(Pictures with short captions)
------------------------------------------------
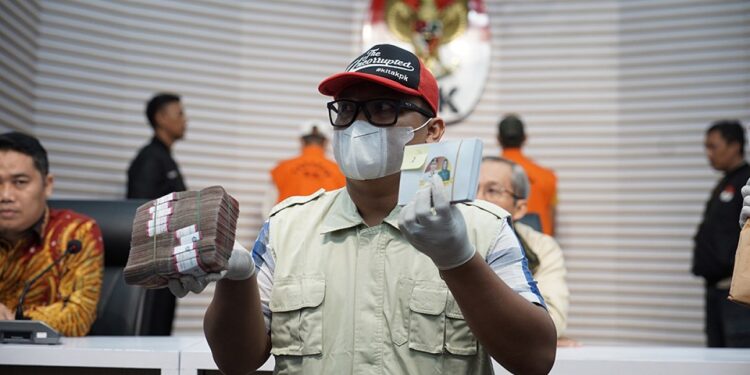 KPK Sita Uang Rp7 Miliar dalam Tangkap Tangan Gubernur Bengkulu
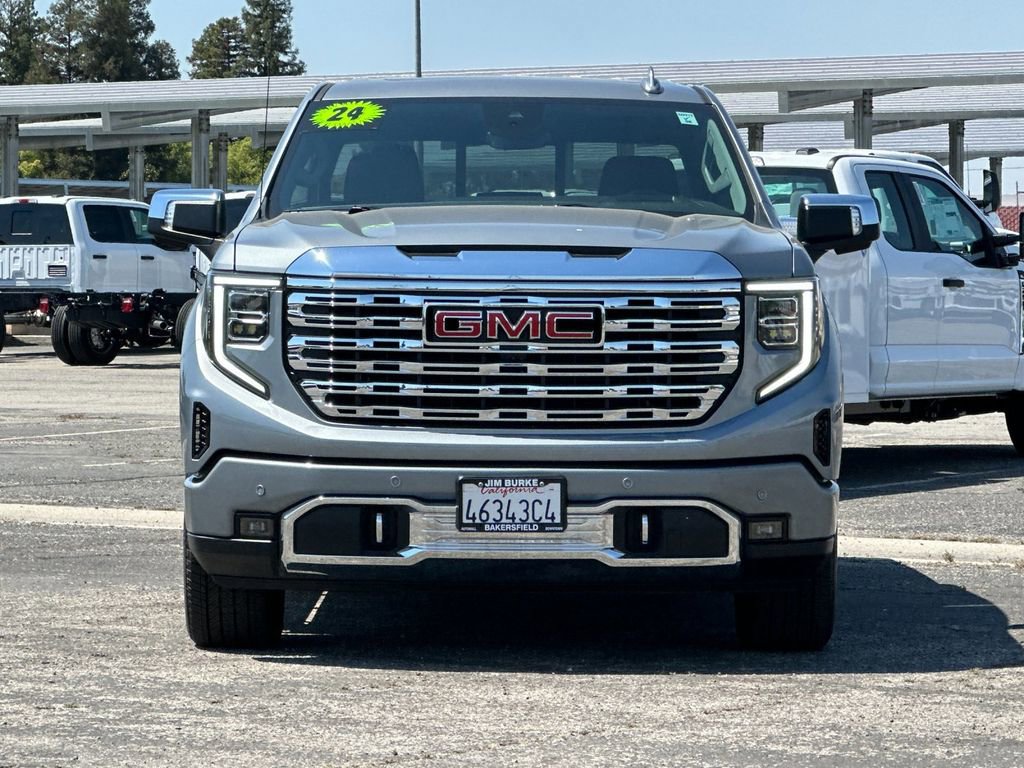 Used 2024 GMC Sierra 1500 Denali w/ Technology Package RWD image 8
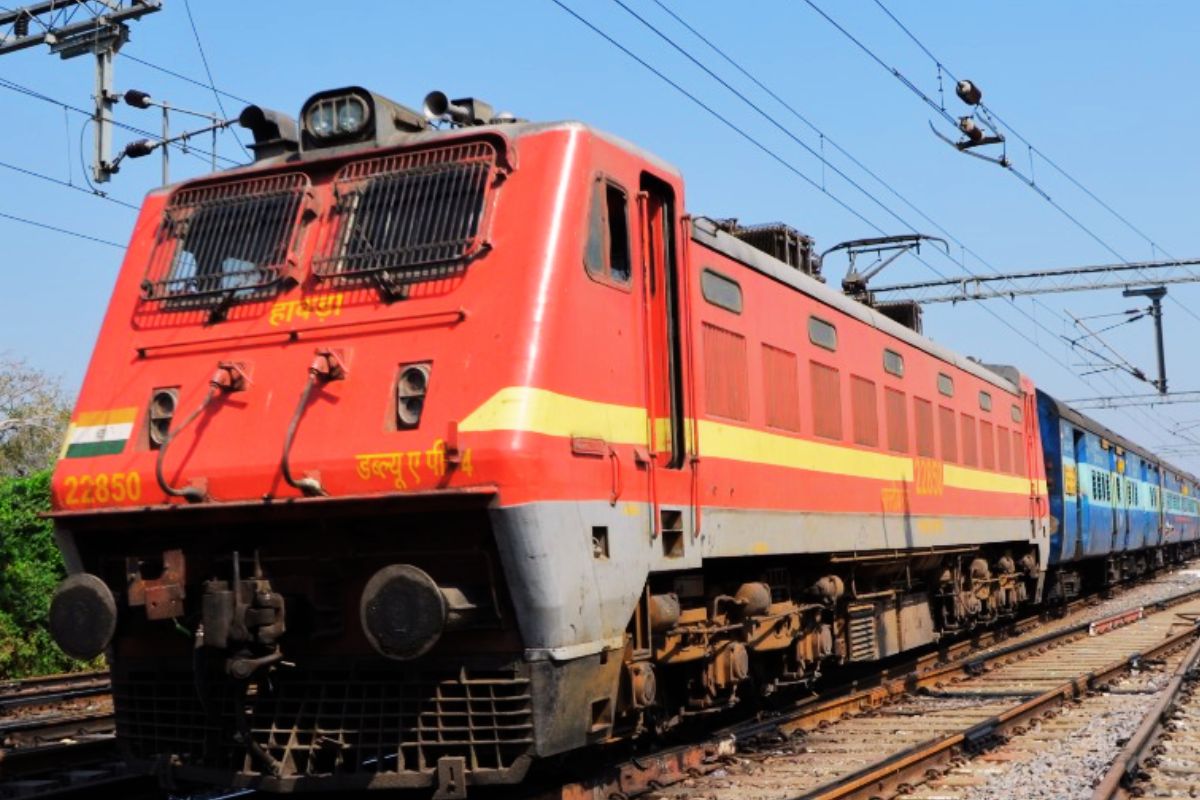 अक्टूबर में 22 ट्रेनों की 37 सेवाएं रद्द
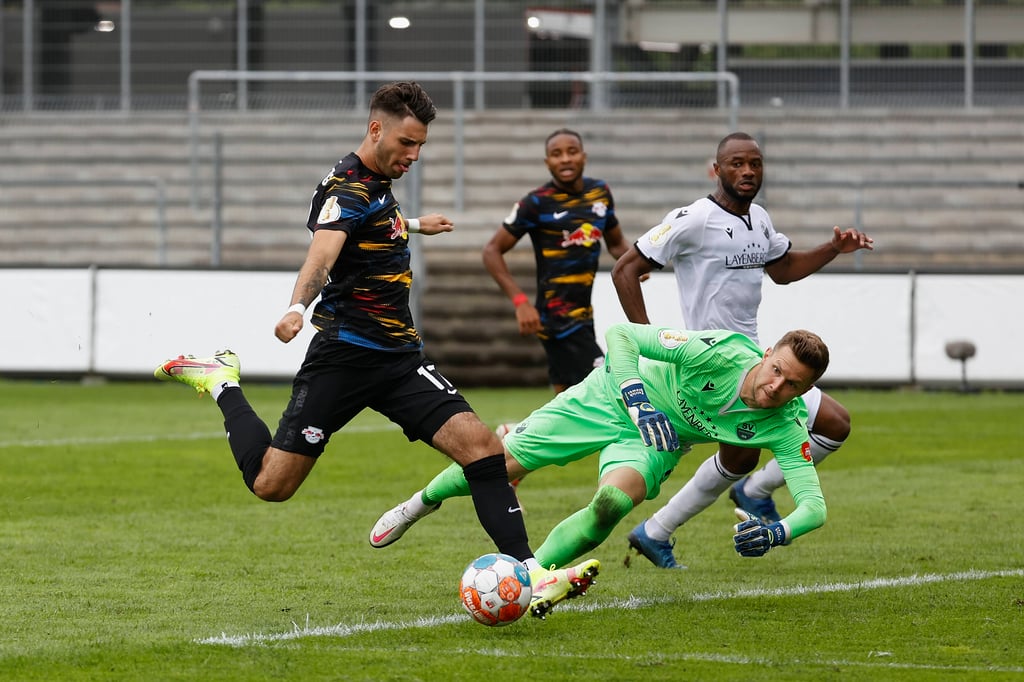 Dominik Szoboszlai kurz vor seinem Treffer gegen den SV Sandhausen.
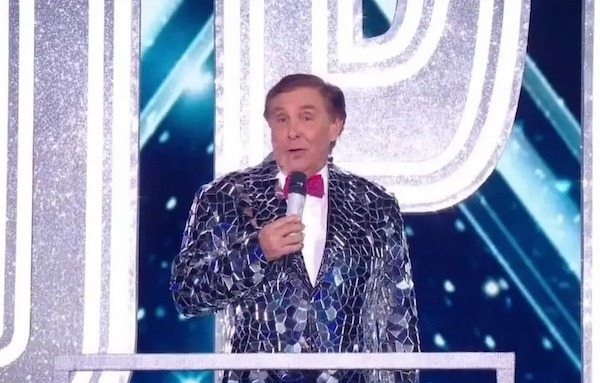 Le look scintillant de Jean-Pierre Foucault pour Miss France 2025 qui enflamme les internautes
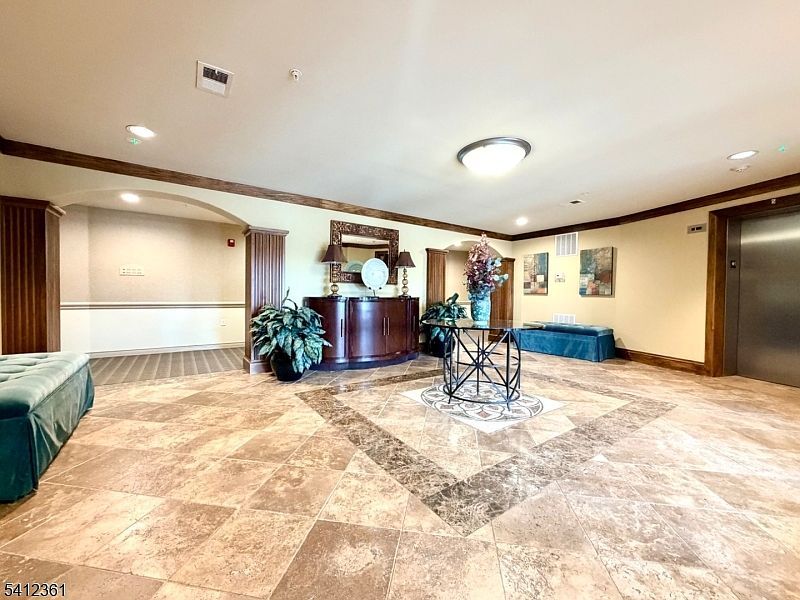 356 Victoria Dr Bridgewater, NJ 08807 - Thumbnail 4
------------------------------------------------
WORK REQUIRED -
Print every entry above again without changing a word, and omit the pictures.

SOLUTION TO THE PROBLEM -
 KPK Sita Uang Rp7 Miliar dalam Tangkap Tangan Gubernur Bengkulu
 Used 2024 GMC Sierra 1500 Denali w/ Technology Package RWD image 8
 अक्टूबर में 22 ट्रेनों की 37 सेवाएं रद्द
 Dominik Szoboszlai kurz vor seinem Treffer gegen den SV Sandhausen.
 Le look scintillant de Jean-Pierre Foucault pour Miss France 2025 qui enflamme les internautes
 356 Victoria Dr Bridgewater, NJ 08807 - Thumbnail 4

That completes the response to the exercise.